In university I took a political science class called “Conflict & Conflict Resolution,” in which we studied global security issues, war, and threats to peace. The question laid before us was this: what causes conflict? What is the primary cause of war?
My professor spent the first week convincing us that conflict is mainly caused by issues of security. One country builds its weapons arsenal because it is afraid of its neighbour, who in turn feels threatened and points its guns right back. The feeling of having one’s security threatened eventually leads to war. We read articles and had debates. Yes, indeed security (or lack thereof) seemed to be the number one reason for conflict.

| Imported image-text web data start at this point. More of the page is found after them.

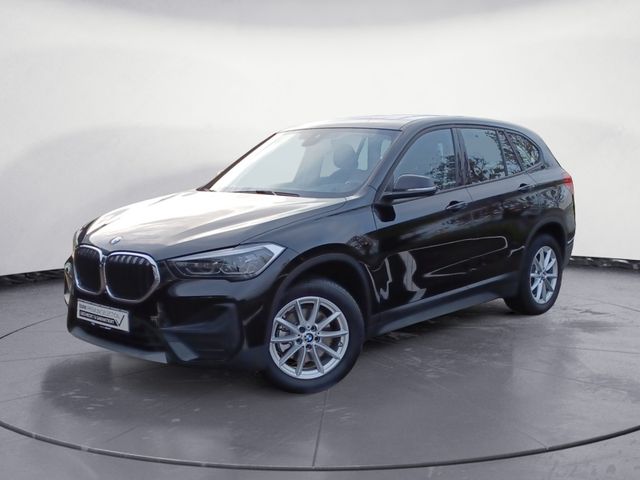 BMW X1 sDrive18i Advantage Panodach / Navi / Sitz el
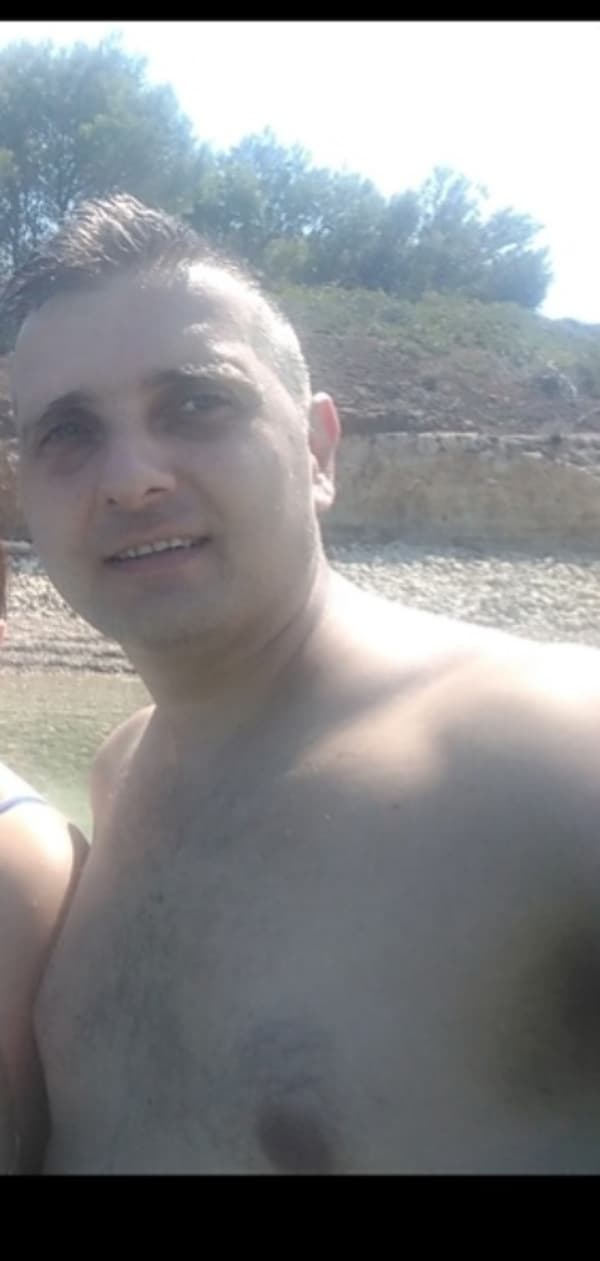 foto 3201594923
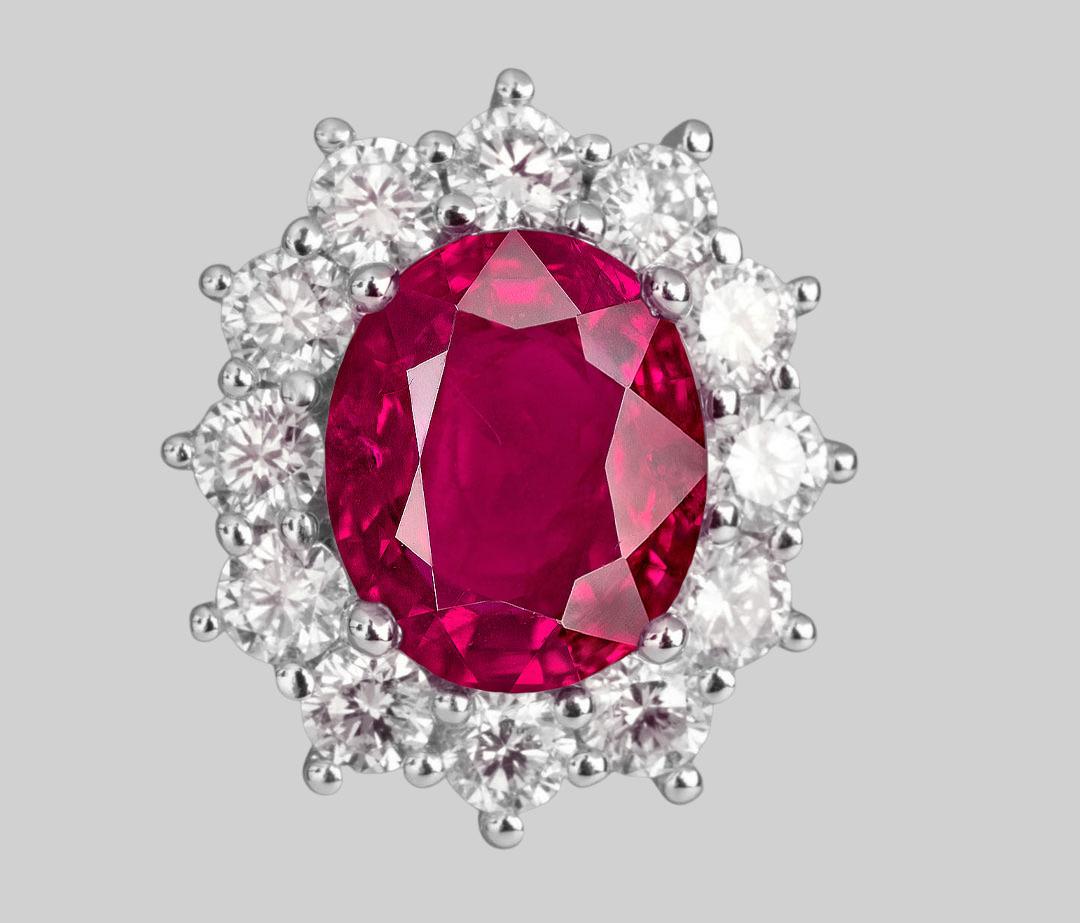 Modern GRS Burma Certified 4.57 Carat Oval Ruby Diamond Platinum Ring For Sale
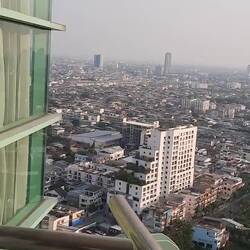 Blickschwenk aus einer der Wohnungen den Chao Phraya hinab Richtung des nahen Golfs von Thailand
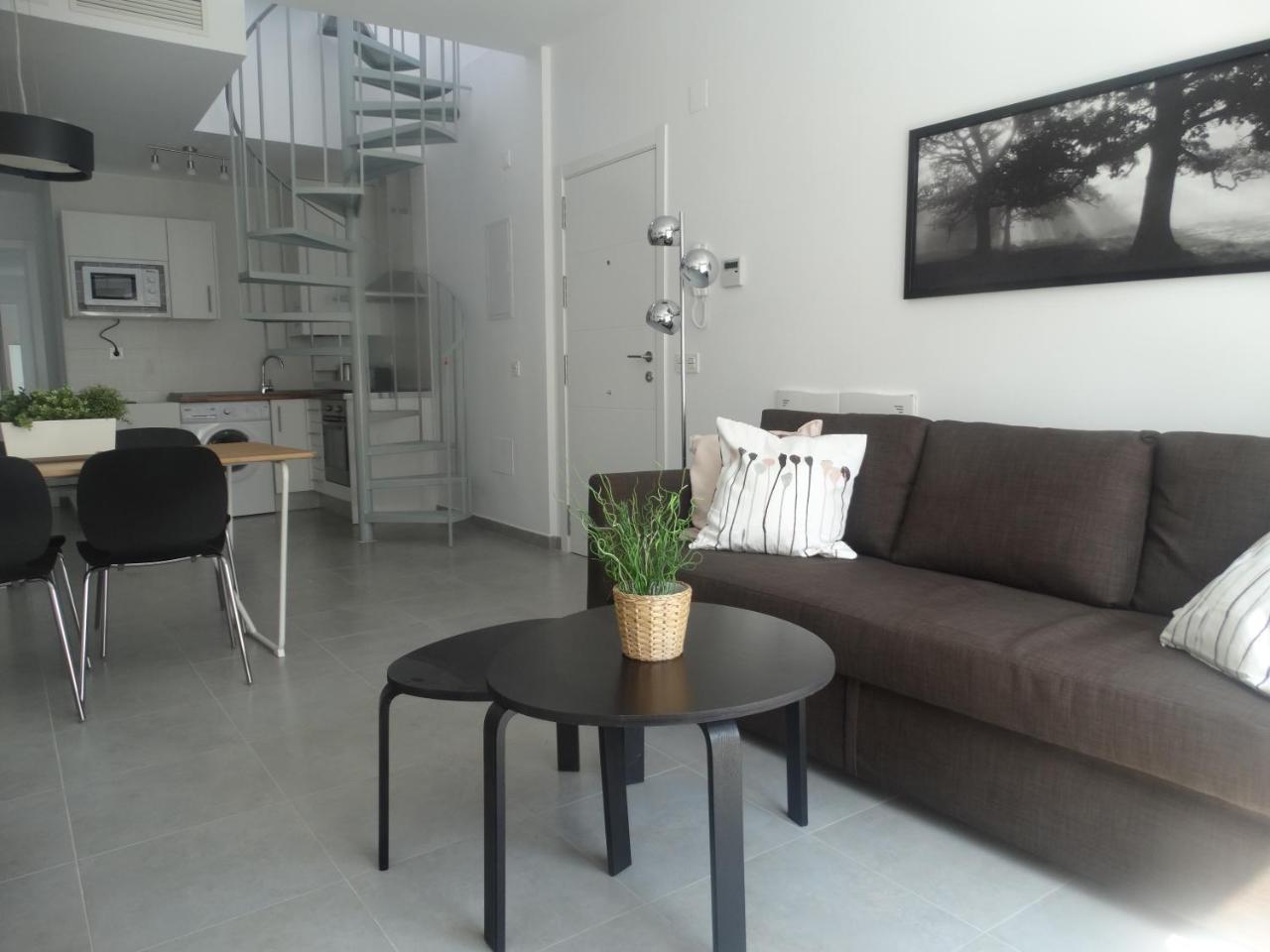 - Jinetes, 10 Apartment *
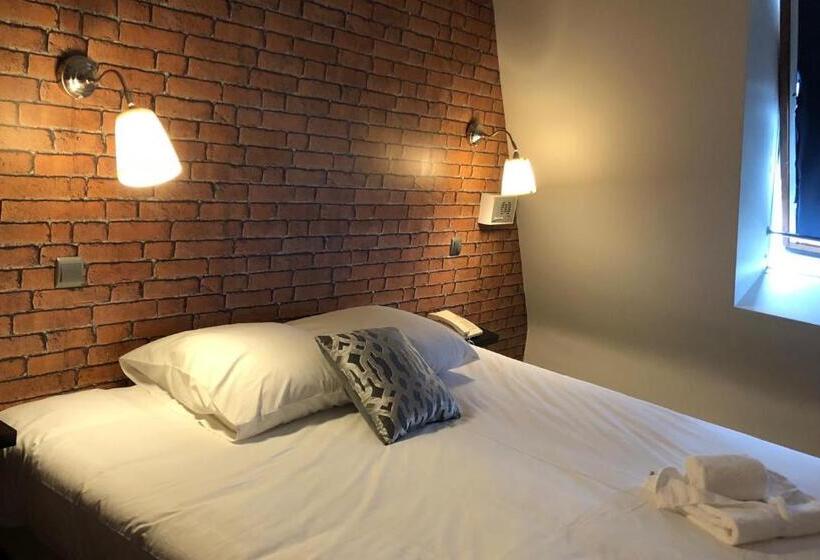 בית מלון כפרי La Voile Rouge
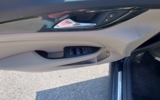 vehicle image #10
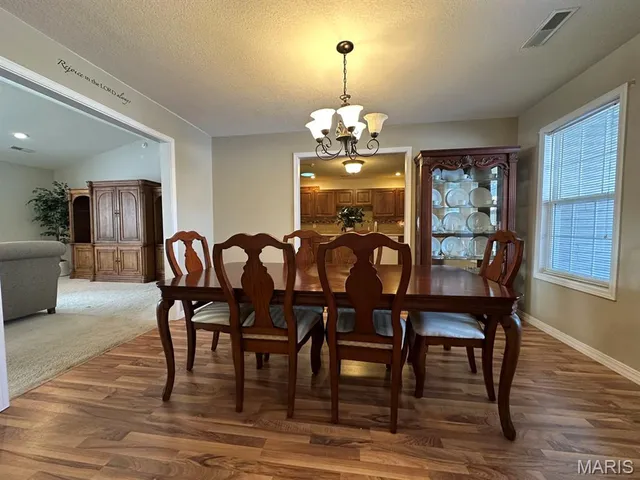 $279,000 | 108 Lillian Avenue, Dexter, MO 63841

The following week the same professor had us wipe our memory clean of what we had just learned, and went about convincing us that the primary cause of war is greed. Money is what motivates people, and there would be no conflict if the love of money did not exist. This also seemed reasonable. After all, so many of the worlds violent conflicts have been over diamonds, spices, oil.
Can you guess what happened the next week? The main cause of war was no longer security or greed, but ran along ethnic, cultural, and religious lines. We read story after story of conflicts sparked by groups of people hating other groups of people because of such differences. How else can the bloodbath between Serbians and Croatians be explained? Once again I felt compelled.
Finally on the fourth week, we learned that the root of conflict really comes down to the most basic environmental resources. Israel and Palestine fighting for water rights in a desert. Communities in impoverished countries rising up against multinational corporations that were destroying the environment that kept them alive. As I sat in class I could only imagine what people were willing to do out of desperation when someone else hoarded the natural resources that they relid on.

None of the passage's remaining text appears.